What you will do
When you reach the line holding "Housecraft Living Jani", please begin to restate the lines word for word and continue through the last one in the material, excluding pictures.

Recorded data
-=-=-=-=-
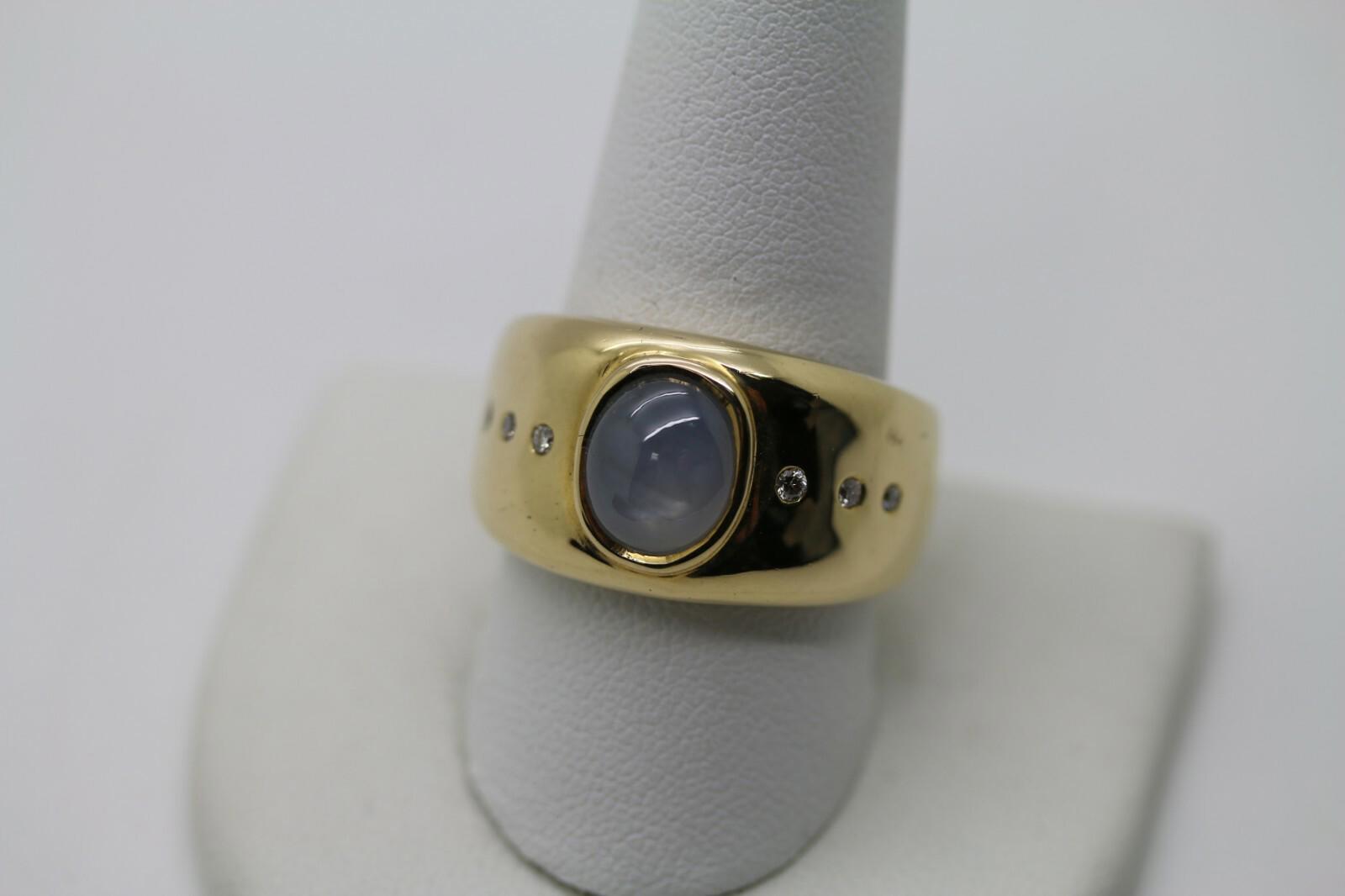 18 Karat Yellow Gold Men's Moonstone Ring w/ Diamonds Size 10.5 "GPG" Excellent!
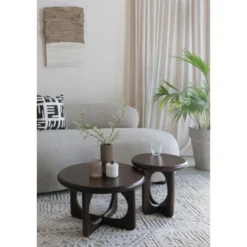 Housecraft Living Jani Salontafel Rond 60 cm Mangohout Donkerbruin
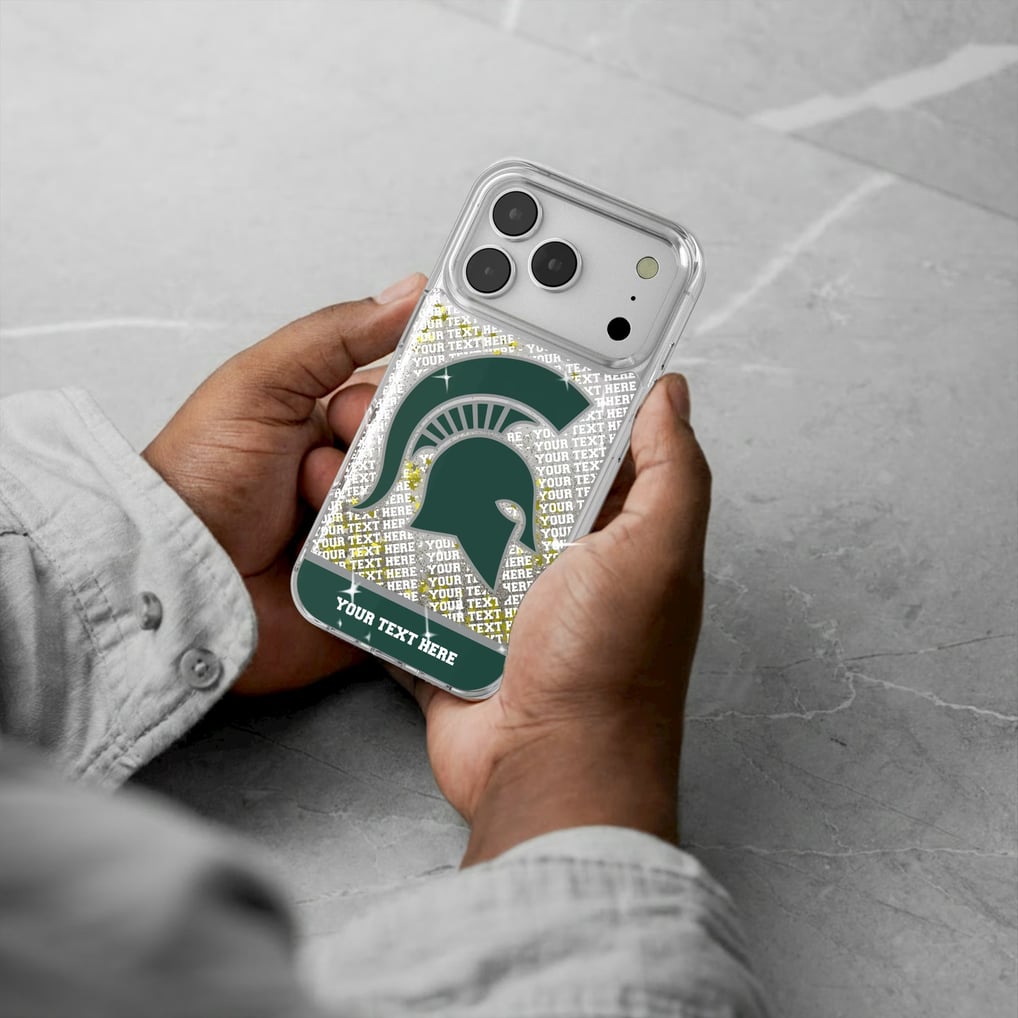 Michigan State Spartans iPhone Endzone Personalized Glitter Case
-=-=-=-=-
Task output
 Housecraft Living Jani Salontafel Rond 60 cm Mangohout Donkerbruin
 Michigan State Spartans iPhone Endzone Personalized Glitter Case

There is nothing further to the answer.